Bevor sie gleich bei der Polizei anrief, sollte sie sich kurz ins Redaktionssystem einloggen, um zu checken, was über die Nachrichtenagenturen und die Mailadresse der Redaktion hereingekommen war. Gut, dass das inzwischen von zu Hause aus ging. Vielleicht verfolgten andere bereits die gleiche Spur oder es gab neue Erkenntnisse oder ein Hintergrundfeature. Was im Wettlauf um Informationen nicht immer von Vorteil war.
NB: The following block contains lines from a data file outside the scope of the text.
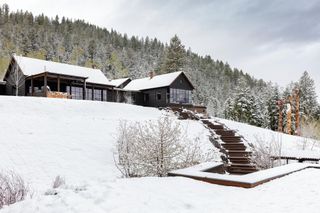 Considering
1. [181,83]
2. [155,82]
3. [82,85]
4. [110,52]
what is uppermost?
[110,52]

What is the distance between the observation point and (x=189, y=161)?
1093 cm

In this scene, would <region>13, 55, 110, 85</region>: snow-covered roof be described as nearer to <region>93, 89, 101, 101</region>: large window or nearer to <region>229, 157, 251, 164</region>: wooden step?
<region>93, 89, 101, 101</region>: large window

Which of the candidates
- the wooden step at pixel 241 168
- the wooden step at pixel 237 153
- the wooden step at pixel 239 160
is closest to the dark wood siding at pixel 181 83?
the wooden step at pixel 237 153

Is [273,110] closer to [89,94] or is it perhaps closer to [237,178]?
[89,94]

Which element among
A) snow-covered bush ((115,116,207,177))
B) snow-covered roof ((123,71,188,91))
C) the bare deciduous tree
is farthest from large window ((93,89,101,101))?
snow-covered bush ((115,116,207,177))

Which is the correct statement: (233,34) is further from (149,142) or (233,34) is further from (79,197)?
(79,197)

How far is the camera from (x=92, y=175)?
1278 cm

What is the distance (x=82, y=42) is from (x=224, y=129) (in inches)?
4253

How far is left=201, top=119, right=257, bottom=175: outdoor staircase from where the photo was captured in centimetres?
1686

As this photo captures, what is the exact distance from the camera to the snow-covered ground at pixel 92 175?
5.40 m

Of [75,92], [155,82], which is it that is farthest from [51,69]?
[155,82]

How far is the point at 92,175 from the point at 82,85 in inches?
998

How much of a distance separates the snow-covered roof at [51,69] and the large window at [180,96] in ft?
31.1

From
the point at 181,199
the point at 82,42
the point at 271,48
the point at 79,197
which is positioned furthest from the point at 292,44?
the point at 82,42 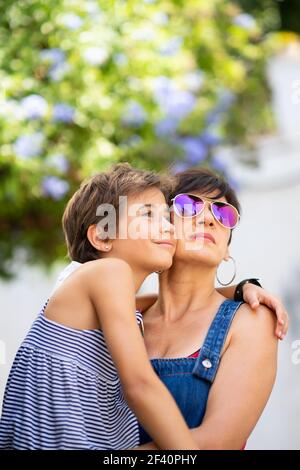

Anna gab gerade ihr Passwort ein, als es laut krachte. Sie schreckte zusammen, musste sich im nächsten Moment aber ein Lachen verkneifen. Habakuk war es zwar in ihrer Küche gelungen, ein Tablett ausfindig zu machen und Obstschale und Kekse darauf zu stellen. Aber mit dem Tablett vor der Nase hatte er nicht ganz denselben Weg aus der Küche herausgenommen wie hinein und war über den Wäschekorb gestolpert. Dieser stand immer noch an der kleinen Wand zwischen der Treppe zur Terrasse und der Küchentür an strategisch ungünstiger Stelle. Glücklicherweise hatte Habakuk den Korb nur mit einem Bein erwischt, mit dem anderen hatte er sich auf dem Knie abgefangen und hielt heldenmutig das Tablett nach oben. In dieser mit Sicherheit äußerst unbequemen Stellung kauerte er auf dem Boden, und Anna eilte ihm zu Hilfe. Sie nahm ihm das Tablett ab, stellte es beiseite und entschuldigte sich für die Stolperfalle.